A wide range of items get seized at Louisville’s Customs port. Drug shipments are frequent
The U.S. Customs and Border Protection office in Louisville routinely makes headlines for seizing tons of fake items — like pharmaceuticals, watches and other jewelry — but the agency’s breadth is much wider despite the fact that many don’t know what it does.
Take its role in thwarting drug trafficking, which often involves seizures coming from around the globe.
The Louisville U.S. Customs office, which is located at the Louisville Muhammad Ali International Airport, seized nearly one package of meth every day between September and November. Three meth seizures were made in one day on Nov. 29. Those packages were headed to different countries, including Great Britain, New Zealand and Australia, the Customs office said.
While meth is one of the more common illegal items seized at the Customs port in Louisville, it’s just a fraction of the operations at the port. Officers at the port comb through thousands of packages and pages of intel reports daily looking to stop the shipment of illegal and counterfeit products.

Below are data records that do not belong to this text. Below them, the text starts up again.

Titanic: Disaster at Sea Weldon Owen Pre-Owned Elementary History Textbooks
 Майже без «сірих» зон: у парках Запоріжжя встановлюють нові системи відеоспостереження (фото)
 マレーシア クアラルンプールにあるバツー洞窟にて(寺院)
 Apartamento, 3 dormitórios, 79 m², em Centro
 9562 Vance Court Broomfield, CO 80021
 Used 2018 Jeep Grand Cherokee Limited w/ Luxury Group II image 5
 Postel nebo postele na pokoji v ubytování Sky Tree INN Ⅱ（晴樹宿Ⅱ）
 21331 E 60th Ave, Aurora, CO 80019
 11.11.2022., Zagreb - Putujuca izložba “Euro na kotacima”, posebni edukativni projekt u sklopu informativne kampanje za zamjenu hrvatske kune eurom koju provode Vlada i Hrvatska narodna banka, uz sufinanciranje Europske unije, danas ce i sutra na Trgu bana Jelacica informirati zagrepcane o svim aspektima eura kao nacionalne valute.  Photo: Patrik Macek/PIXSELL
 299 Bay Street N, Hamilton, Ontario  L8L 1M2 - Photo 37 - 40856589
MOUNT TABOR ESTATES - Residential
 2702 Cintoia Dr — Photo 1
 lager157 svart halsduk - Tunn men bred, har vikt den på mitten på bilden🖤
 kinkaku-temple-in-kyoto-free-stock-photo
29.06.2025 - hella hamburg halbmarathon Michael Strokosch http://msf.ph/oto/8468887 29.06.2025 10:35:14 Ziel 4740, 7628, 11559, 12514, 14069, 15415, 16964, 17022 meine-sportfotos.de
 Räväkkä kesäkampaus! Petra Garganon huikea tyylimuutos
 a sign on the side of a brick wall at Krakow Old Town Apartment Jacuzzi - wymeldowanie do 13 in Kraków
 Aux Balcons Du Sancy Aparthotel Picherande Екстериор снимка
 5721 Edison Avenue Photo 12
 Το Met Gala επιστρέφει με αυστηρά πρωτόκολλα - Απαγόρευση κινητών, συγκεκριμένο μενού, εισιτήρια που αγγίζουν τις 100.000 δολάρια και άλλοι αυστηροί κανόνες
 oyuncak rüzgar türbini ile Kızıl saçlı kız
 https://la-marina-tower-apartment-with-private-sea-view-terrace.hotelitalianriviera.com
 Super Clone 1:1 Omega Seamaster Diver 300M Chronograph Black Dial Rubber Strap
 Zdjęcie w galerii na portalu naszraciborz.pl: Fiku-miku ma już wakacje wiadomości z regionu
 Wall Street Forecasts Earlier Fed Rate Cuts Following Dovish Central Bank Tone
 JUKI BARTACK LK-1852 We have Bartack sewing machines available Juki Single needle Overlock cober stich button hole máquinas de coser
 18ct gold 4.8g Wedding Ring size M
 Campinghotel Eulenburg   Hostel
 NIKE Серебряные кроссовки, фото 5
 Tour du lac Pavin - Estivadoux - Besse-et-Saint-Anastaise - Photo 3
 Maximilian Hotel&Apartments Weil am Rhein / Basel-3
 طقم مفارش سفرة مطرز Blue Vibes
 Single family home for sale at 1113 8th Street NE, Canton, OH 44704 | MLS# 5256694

“This is just a really large operation here,” said Phil Onken, port director at the U.S. CBP Office in Louisville and a longtime official in the agency. “I can tell you, 20 years later, a lot of people still don’t know what we do. We enforce more laws than any other agency.”
The U.S. Customs agency was founded in 2003 at the recommendation of the National Commission on Terrorist Attacks Upon the United States. The organization has four legacy agencies – the customs service, immigration inspection, enforcement functions and the plant protection and quarantine inspection programs.
The agency’s mission is to keep terrorists and their weapons out of the U.S. while also facilitating lawful international travel and trade.
How Ky. Customs officers find illegal shipments
The Louisville port of entry has about 40 team members and four narcotics detection dogs, according to Onken. Their jobs are to identify targets and coordinate with carriers to inspect shipments.
Methods to identify illegal contents in packages vary from “cold targeting” — in which narcotics dogs scan packages, agents x-ray items, or officials inspect irregularities — to more complex studies of manifest data and intel reports to identify trends in drug smuggling. Onken said the data reports make it easier to notice packages with illegal drugs that might otherwise fly under the radar.
“They are true professionals and they do everything from the beginning to the end,” Onken said about his team. “They’re not just a simple takedown team, they’re not a simple inspection team, all my officers are fantastic at what they do.”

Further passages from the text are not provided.